NEW YORK, NY.- Friedman Benda presents its seventh annual guest-curated exhibition Split Personality. Curated by Alice Stori Liechtenstein, independent curator and founder of Schloss Hollenegg for Design, the exhibition explores how functional objects undergo a process of mutation to acquire symbolic value, and thus develop split personalities that oscillate between their different identities.
The works on display at Friedman Benda, ambiguously classifiable as chairs, tables, rugs, are meant as furniture of practical and comfortable nature. And yet, as the curator Alice Stori Liechtenstein puts it, the personality and implicit meaning of these pieces are so assertive that they appear to be at odds with the function. In the course of history, objects (and furniture in our specific case) were rarely valued and made purely for their function. They have always carried specific cultural, subjective or philosophical messages. Objects are used to characterize, communicate and develop our sense of self and construct our own identity. The idea that objects might have a split personality might help us to recognize the different identities they are capable of embodying, and acknowledge their power to be alternatively functional furniture or conveyors of meaning.
Artists and designers on view include: Arnaud Eubelen, Chris Schanck, Christien Meindertsma, Commonplace Studio, Emma Fague, Fernando Laposse, Ismael Rifai, Jonathan Trayte, Katie Stout, mischertraxler, Nobukho Nqaba, Rich Aybar, Soft Baroque, Brynjar Sigurdarson, Studio Wieki Somers, Thomas Ballouhey, and Toomas Toomepuu.

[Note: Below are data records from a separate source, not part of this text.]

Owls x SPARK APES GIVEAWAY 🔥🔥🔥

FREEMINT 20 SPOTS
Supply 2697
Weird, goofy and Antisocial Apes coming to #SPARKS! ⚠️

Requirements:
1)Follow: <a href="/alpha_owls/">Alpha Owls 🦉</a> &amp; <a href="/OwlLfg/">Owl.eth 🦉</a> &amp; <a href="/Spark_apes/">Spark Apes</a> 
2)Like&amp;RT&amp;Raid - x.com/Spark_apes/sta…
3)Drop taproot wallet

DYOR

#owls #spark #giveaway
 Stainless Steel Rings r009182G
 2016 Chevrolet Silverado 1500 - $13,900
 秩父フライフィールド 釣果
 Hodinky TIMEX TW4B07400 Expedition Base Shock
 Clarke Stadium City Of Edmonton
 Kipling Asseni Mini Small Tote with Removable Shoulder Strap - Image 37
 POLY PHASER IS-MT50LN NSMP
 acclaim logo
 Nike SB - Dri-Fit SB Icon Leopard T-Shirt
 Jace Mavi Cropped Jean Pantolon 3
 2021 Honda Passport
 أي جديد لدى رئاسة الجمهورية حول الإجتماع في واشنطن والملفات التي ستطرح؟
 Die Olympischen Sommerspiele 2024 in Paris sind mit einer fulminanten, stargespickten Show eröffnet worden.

Alice Stori Liechtenstein (Milan, 1978) is an independent curator specialised in contemporary design. After studying architecture and design in Milan and Barcelona, she worked a number of years as exhibition designer. From 2014 to 2017 she wrote a daily design blog, during which time she started analysing the changes in the disciplines related to design. She is the founder of Schloss Hollenegg for Design, an international project based in Austria, to support design culture by offering an exhibition platform and a residency program to young emerging designers. She has curated Operae in Turin in 2017, Design after Darwin in Venice in 2018, Alcova Sassetti in Milan in 2019. She is a public speaker and lecturer for the Exhibition Design Master at the FH Joanneum in Graz.